Group Thinks Anonymity Should Be Baked Into the Internet Itself Using Tor
Hugh Pickens DOT Com writes "David Talbot writes at MIT Technology review that engineers on the Internet Engineering Task Force (IETF), an informal organization of engineers that changes Internet code and operates by rough consensus, have asked the architects of Tor to consider turning the technology into an Internet standard. If widely adopted, such a standard would make it easy to include the technology in consumer and business products ranging from routers to apps and would allow far more people to browse the Web without being identified by anyone who might be spying on Internet traffic. The IETF is already working to make encryption standard in all web traffic. Stephen Farrell believes that forging Tor into a standard that interoperates with other parts of the Internet could be better than leaving Tor as a separate tool that requires people to take special action to implement. 'I think there are benefits that might flow in both directions,' says Farrell. 'I think other IETF participants could learn useful things about protocol design from the Tor people, who've faced interesting challenges that aren't often seen in practice. And the Tor people might well get interest and involvement from IETF folks who've got a lot of experience with large-scale systems.' Andrew Lewman, executive director of Tor, says the group is considering it. 'We're basically at the stage of 'Do we even want to go on a date together?' It's not clear we are going to do it, but it's worth exploring to see what is involved. It adds legitimacy, it adds validation of all the research we've done.'"

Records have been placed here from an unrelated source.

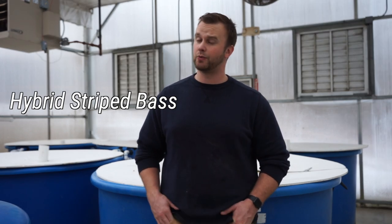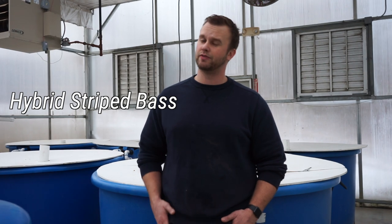Trout are a very desirable fish to raise for their meat — customers seem to like it — but they're very sensitive to warm temperatures. Rainbow trout are most likely to tolerate warmer temperatures, but browns and brookies are really sensitive to warm temperatures. Trout also need higher dissolved oxygen levels. I've seen a few farms that have successfully grown hybrid striped bass. The one thing you have to be careful with hybrid striped bass is adding chlorides to your water, because they are sensitive to chlorides.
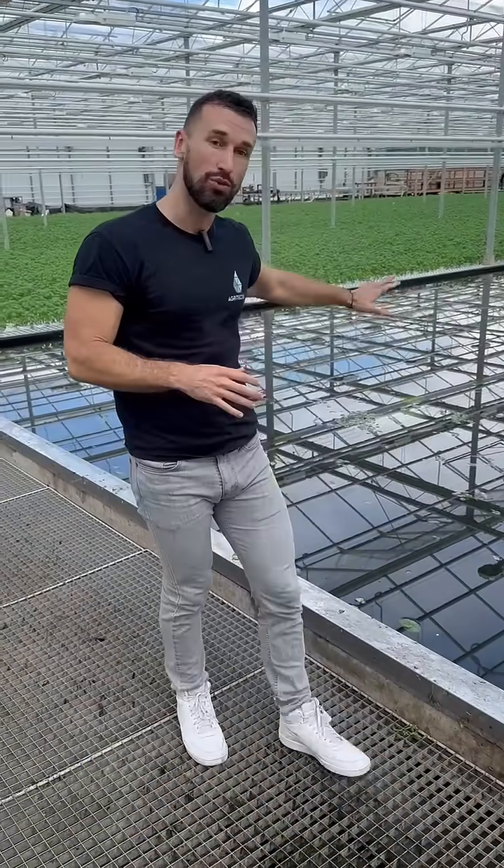Hey everybody, I'm here at De Kreidener, a greenhouse in the Netherlands that uses shallow raft hydroponic systems.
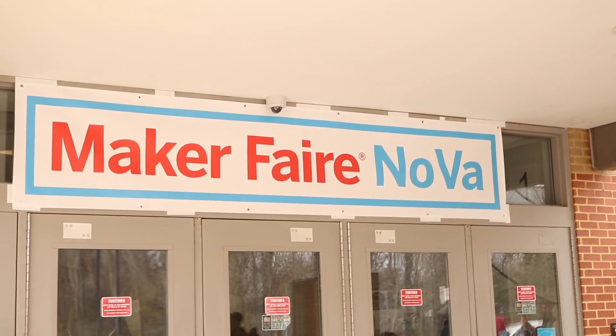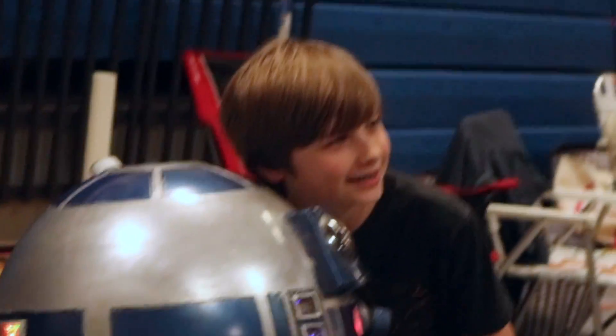How's it going, 3D printers? Andrew Sink from 3D Central here, and today we're at the Nova Maker Faire at South Lakes High School in Reston, Virginia. If you've never been to a Maker Faire, it is an awesome event — it's where tons of makers come out and show off all the cool stuff they're working on. It's like a giant show-and-tell. In this video I'm gonna bring you here and we're gonna look at some awesome stuff. You ready? Let's do it.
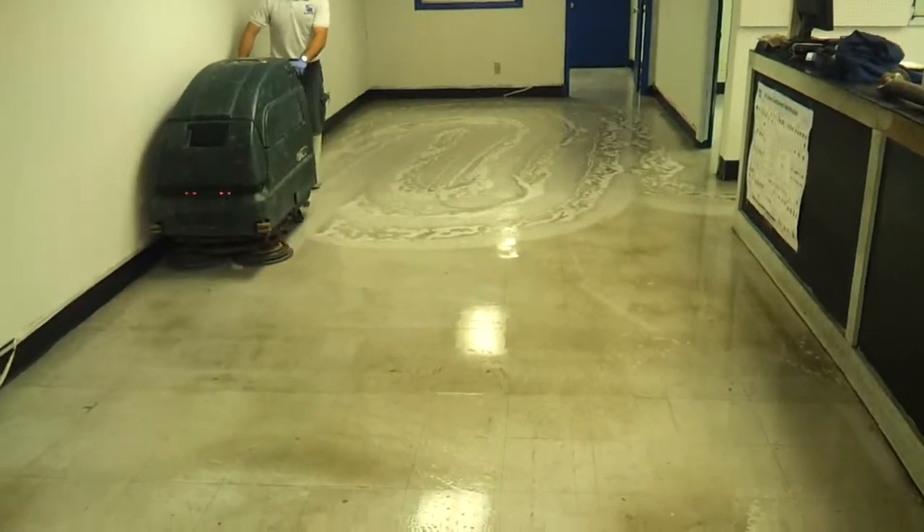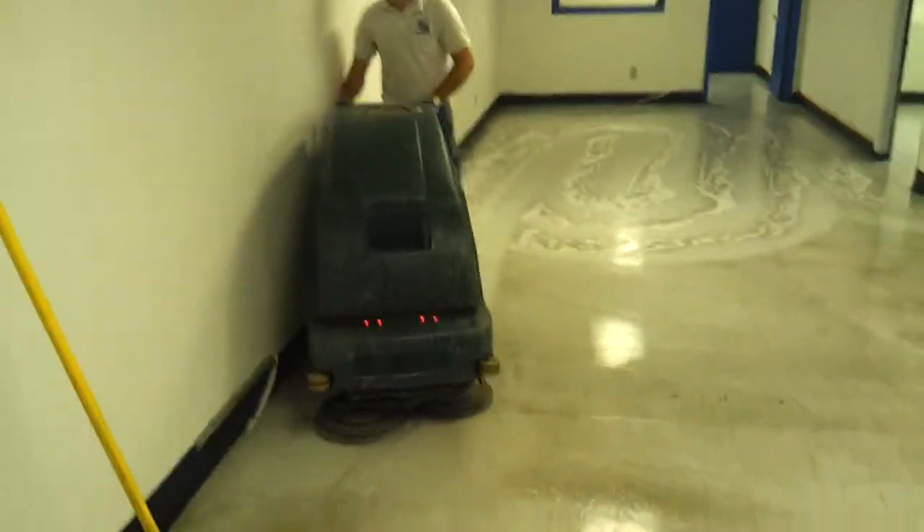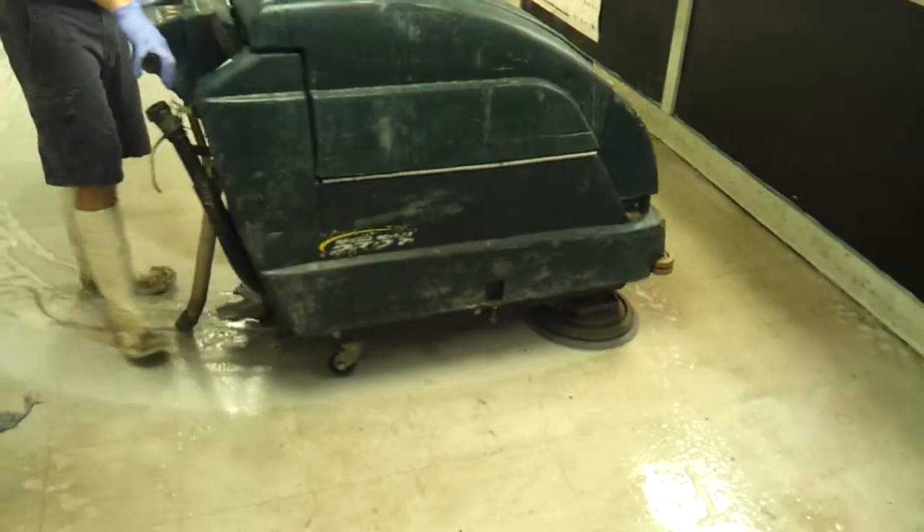Hi, this is Brian from U.S. Cleaning Services. We're stripping a 2,000 square foot facility here at Glee Pride. As you can see, our auto scrubber is stripping up the old floor finish.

Tor's weakness is when one organisation, such as the NSA, controls a large percentage of the exit nodes.
The larger percentage of the exit nodes a single organisation controls the better chance they have to seeing all the packets from any given user.
Becoming an Internet standard would dramatically increase the number of exit nodes making it harder for a single entity to control a decent proportion of them, although the basic attack would still work with enough resources.

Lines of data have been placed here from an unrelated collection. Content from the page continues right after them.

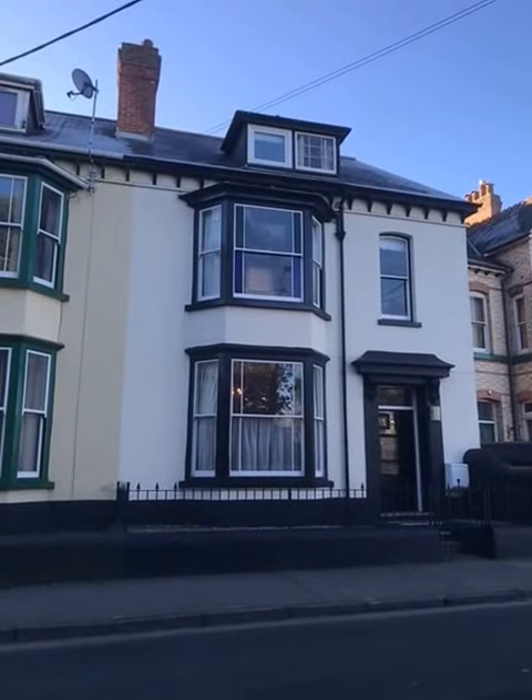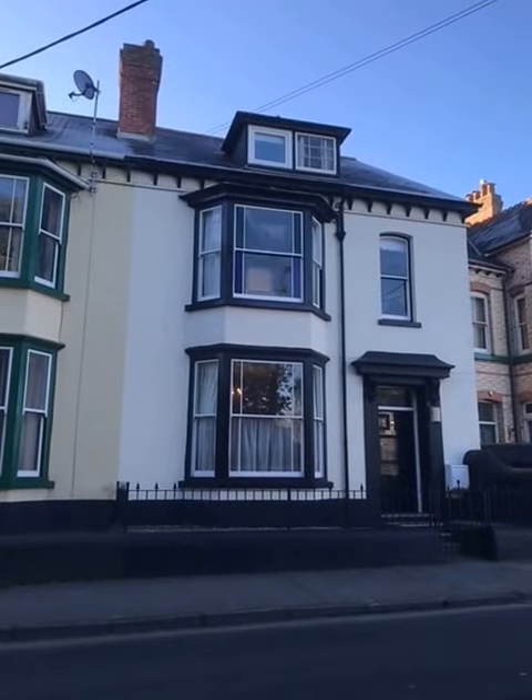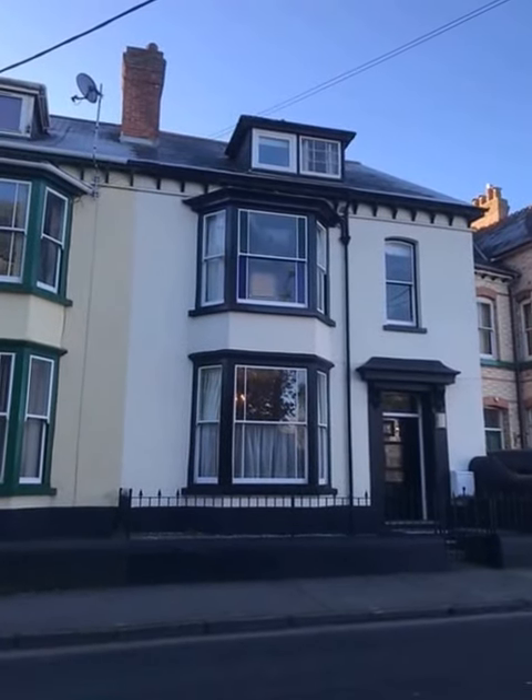Hi, I'm James from Rosson Bar Estate Agents and today I'm at 5 Abidsham Road to give you a quick taste of what this property has to offer.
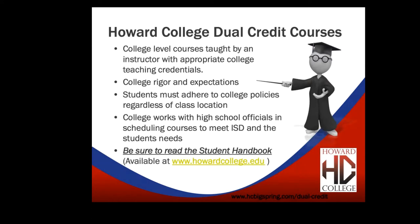Howard College dual credit courses are taught by instructors with appropriate college teaching credentials. College rigor and expectations apply to all of these classes. Yes, you're getting high school credit, but they are college classes and they're going to be tougher. There's more involved — you're going to have to study more, do more work, go to class, and participate. Be sure you understand that.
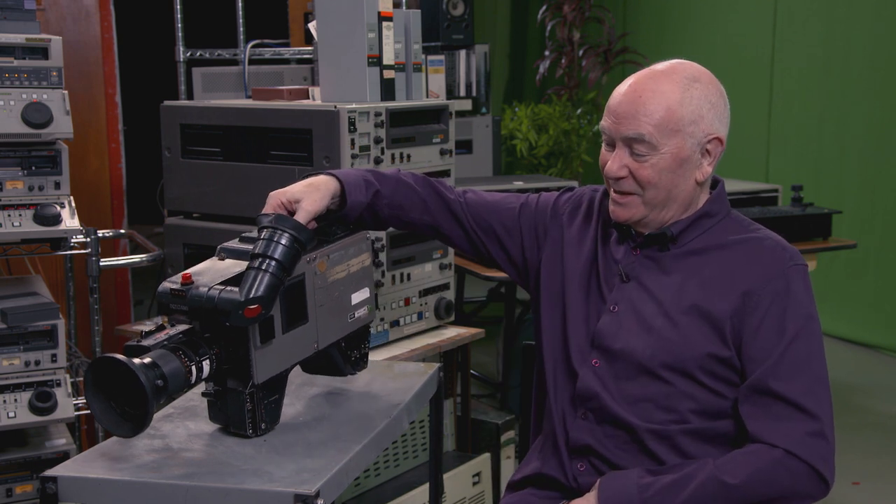The EMI 2001 camera weighed 200 weight and took four people to lift it. To give you some idea, this is probably 20 pounds — light in comparison. The 2001 was a studio camera, a big heavy camera. It weighed 200 weight and was then on a studio pedestal, which was another 200 weight, so it was a pretty heavy beast. It was used in the studios on a smooth floor where you could wheel it around.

These comments are my personal opinions and do not necessarily reflect the opinions of the other voices in my head.
You really should read up on technologies before making statements like that.
The Pedo busts were not attacking exit nodes, it was an attack on the hidden services within the network, there is no mim attack on hidden services, as no one knows who is talking to who. What the FBI did was compromising the servers hosting the material, serving malware that send a single request out outside the TOR network.
Regarding 2; this only works if your software is perfect, which it won't be. The Pedo bust was abusing a known bug in Firefox 17, which had been fixed for quite a long time, it only takes a single bug in the stack to inject some data, that can be collected at some point later - Even if you only allow data through TOR and using SSL, there is nothing preventing FBI sending enough data about your local network, to help identifying you. (For instance, a quick wifi-scan gives you enough information to place my system somewhere in Denmark, using WIFI databases, like the stuff google collected with street view, you can probably pinpoint it even further)
While forcing SSL is a nice idea, generally, it wont work; as you said, people are doing mixed content - on top of that, it only takes a single compromised request to a CDN like jQuery, to have your system thoroughly compromised, see http://www.youtube.com/watch?v=ZCNZJ_7f0Hk (While they are compromising anonymous proxies, the attack will work just as well on TOR)
"Or let me ask differently: How would you fix it? A web of trusted exit nodes run by the government of choice? :P"
No. Everybody here is missing the point.
If/when exit nodes are everywhere, hosted by everybody, two things happen:
(A) It becomes impractical to the point of impossibility to monitor all the exit nodes, and at the same time
(B) the VALUE of monitoring any given exit node is diluted far past the point of making it worth anybody's time.